Social media can provide valuable real-time data on migration, with new research using datasets from Facebook's advertising platform to uncover trends and migrant numbers.
With the ongoing debate around immigration, 'hard' research evidence on migrant numbers and trends is crucial – but there are still huge limitations on available data for measuring migration. There is no consistency in the definition or quality of European migration data, with countries separately collecting data using different systems and designs.
"Especially for migration there is a lack of quality and quantity in data. Social media can give a much faster picture of migration, as we can get data right up to the minute," explains Francesco Rampazzo, PhD student at the ESRC Centre for Population Change and the Max Planck Institute for Demographic Research. He leads an ongoing research project using Facebook data to provide a clearer picture of the numbers of migrants in the UK.
When it comes to robust and reliable migration data, population surveys and census data are the safe and obvious sources – but these are 'snapshots' of the situation at a particular point. Social media, however, can provide an ongoing data stream. Although Facebook doesn't reflect the whole population of a country – and therefore isn't a representative source of data – it's attractive as a data source as it's updated in real time, with several ways of filtering information.

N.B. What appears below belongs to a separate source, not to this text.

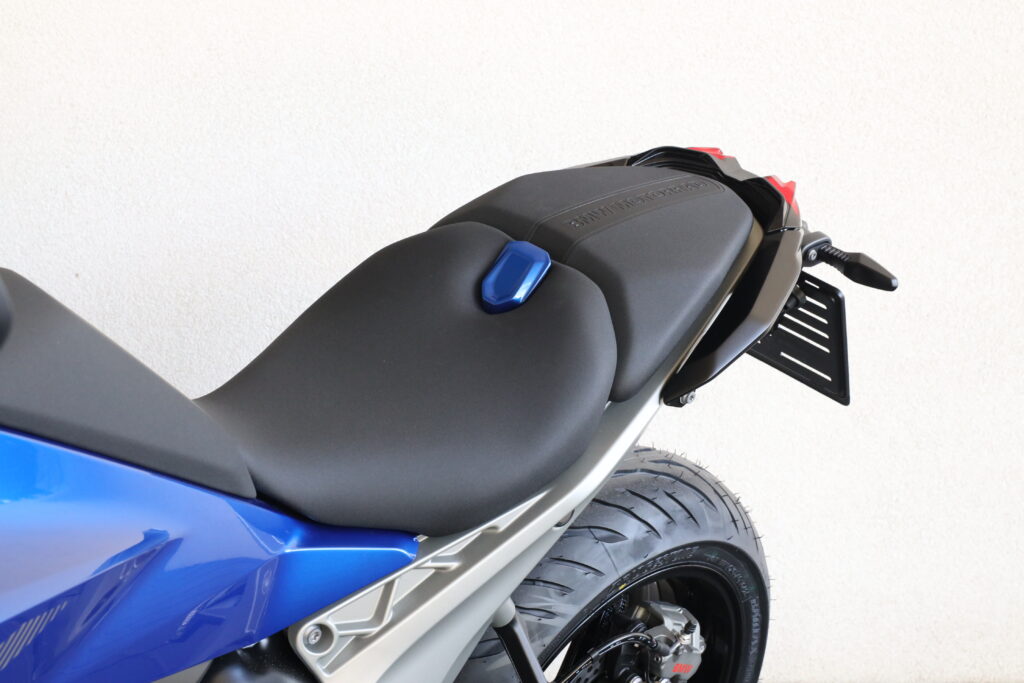 BMW R 1300 R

Rampazzo is focusing on anonymised grouped data from Facebook to estimate the amount of people migrating from other European countries to the UK, based on the change in the location that they specify. The aim is to create the first longitudinal geolocated dataset from Facebook’s advertising platform (which provides data to advertisers), through a weekly data collection that started in December 2017 and carries on till the end of his PhD (October 2020).

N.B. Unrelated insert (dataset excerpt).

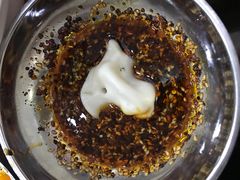 -回坊马二饺子馆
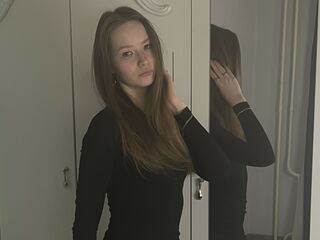 webcamgirl sexchat LusiaChapman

Using so-called 'digital trace data' from social media can potentially be a gold mine for demographic research in sheer quantity and detail; the Facebook ad platform has even been called 'a new digital census' by researchers. "I think it's something that is becoming more accepted in academia," Rampazzo says. "I believe it's pioneering in this research to use Google search, Twitter and other internet data to estimate population trends. But it's still in its infant stage – it's becoming more accepted, but we have to dig into the quality of the data."

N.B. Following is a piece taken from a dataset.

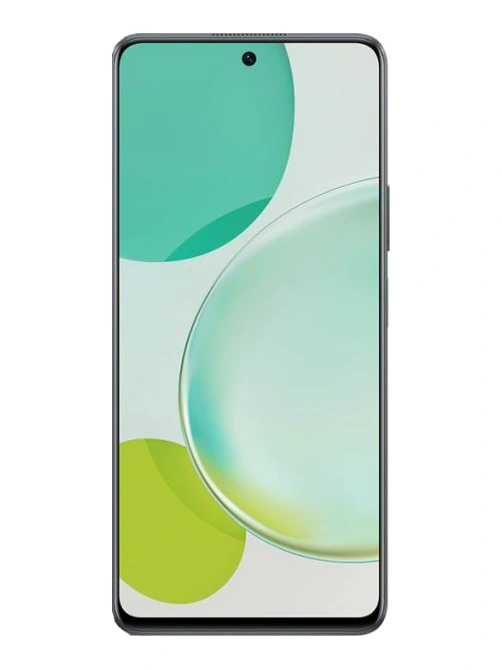 Huawei nova 11i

Assessing the quality of the data from social media can be challenging. How does the data stack up against traditional census data in terms of bias? Is it collected or processed in a sufficiently similar way to make it possible to compare with census data?
"We get biased information from social media, but there's also bias in traditional sources. So we need try to understand and identify data bias in social media, and then complement with traditional data where the bias is already known and can be taken into account," says Rampazzo.
Early findings suggest that the Facebook data can provide a valid picture of migration trends. "Our preliminary results from Facebook are promising, showing proportions close to estimates from the Office for National Statistics. We believe that this is an encouraging and new direction for future work – not just in the UK, but at a global level."